International Atomic Energy Agency inspectors reported last week that Iran’s stockpile of uranium enriched to 60% purity rose more than fourth fifths in the last three months.

Series of attacks

The 2015 nuclear deal unraveled after then-US President Donald Trump reimposed sanctions almost four years ago. Iran responded by escalating its uranium enrichment way beyond limits set by the accord. The standoff fuelled conflicts in the Middle East and a series of attacks on shipping in waterways key for global trade.

After Vladimir Putin ordered his forces into Ukraine, fresh barriers to resurrecting the accord arose.

“Undoubtedly the war in Ukraine has made it more difficult to get an agreement,” said Irish Foreign Minister Simon Coveney, who helped facilitate the talks, this week. Diplomats had “been trying to push for a deal before Russia’s conflict in Ukraine happened because we knew that it would create a lot of complexity.”

Russia weighed in with its new condition just hours after the head of the world’s nuclear watchdog announced from Tehran that one of the last major hurdles to a deal had been cleared. Up until that moment, diplomats had said on and off the record that a deal could be announced within days.

In Vienna, Moscow’s envoy to the talks sought to spread the blame for Friday’s suspension. “The conclusion does not depend on Russia only,” Mikhail Ulyanov said at a briefing. “There are others that need to settle their issues among themselves.”

As expectations of a breakthrough diminished this week, both the US and Iran said lingering disagreements over the scope and timing of sanctions relief looked difficult to overcome. Sticking points have also included Iran’s demand that the US guarantee it would never again leave the pact.

Regardless of Moscow’s stance, EU officials said a deal to salvage the accord could still have been reached if Tehran and Washington had been able to compromise.

Political vacuum

China’s envoy Wang Qun said negotiations couldn’t be conducted under a “political vacuum” and that all sides’ demands needed to be considered.

Russia’s demand initially angered Tehran and appeared to help it and Washington move towards agreement on the few remaining thorny issues, diplomats said.

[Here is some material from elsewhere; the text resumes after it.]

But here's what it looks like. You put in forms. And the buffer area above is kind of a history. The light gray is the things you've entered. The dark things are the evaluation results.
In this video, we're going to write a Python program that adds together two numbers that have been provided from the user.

But a sudden volley of public comments by Iranian officials including Supreme Leader Ali Khamenei on Thursday suggested the wind had turned.

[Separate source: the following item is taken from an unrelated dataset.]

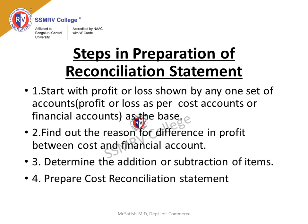Steps in preparation of the reconciliation statement. There are a few steps to be followed while preparing the reconciliation statement. The first step is to start with the profit or loss shown by any one set of accounts as the base — either as per Cost Accounts or as per Financial Accounts. Next, we have to find out the reasons for the difference in profit between the Cost and Financial Accounts, analyzing each and every expense. Then determine the addition or subtraction of items — whether each expense or income needs to be added or subtracted. Finally, prepare the cost reconciliation statement.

European negotiators from France, Britain and Germany had already left a week ago as they believed they had gone as far as they could and it was now up to the United States and Iran to agree on the outstanding issues.

“We are at the level of negotiating footnotes,” the EU official said.

He said issues such as which sanctions the United States would lift had been agreed, although how they would lifted was still under discussion.

Still a clear path to reviving the deal

“I don’t think it will take much time to finalise the text when come here again, but the question is when?” The negotiations in Vienna have limped on with just a fraction of the number of daily meetings that were taking place in previous weeks. Four Western diplomats had said the talks were all but finalised until Russia made its demands.

“I think there’s still a clear path to reviving the deal given that the US and Iran appear to be on the same page,” Henry Rome, Iran analyst at consultancy Eurasia group, said.

While Iran’s economy has remained surprisingly resilient to US sanctions — even as it was struck down by the worst coronavirus outbreak in the Middle East — unrest and protests have become increasingly frequent and the country’s clerical leadership will be wary of fresh outbreaks of dissent in response to the deal’s collapse.

Enrique Mora, the European Union envoy charged with coordinating the talks, said that diplomats were pausing in order to “maintain a good spirit.”

“It’s better to pause and I will be working obviously with all delegations to overcome this situation, the sooner the better, and come back and end our negotiations successfully,” he told reporters outside the Palais Coburg hotel where the talks have been taking place in Vienna.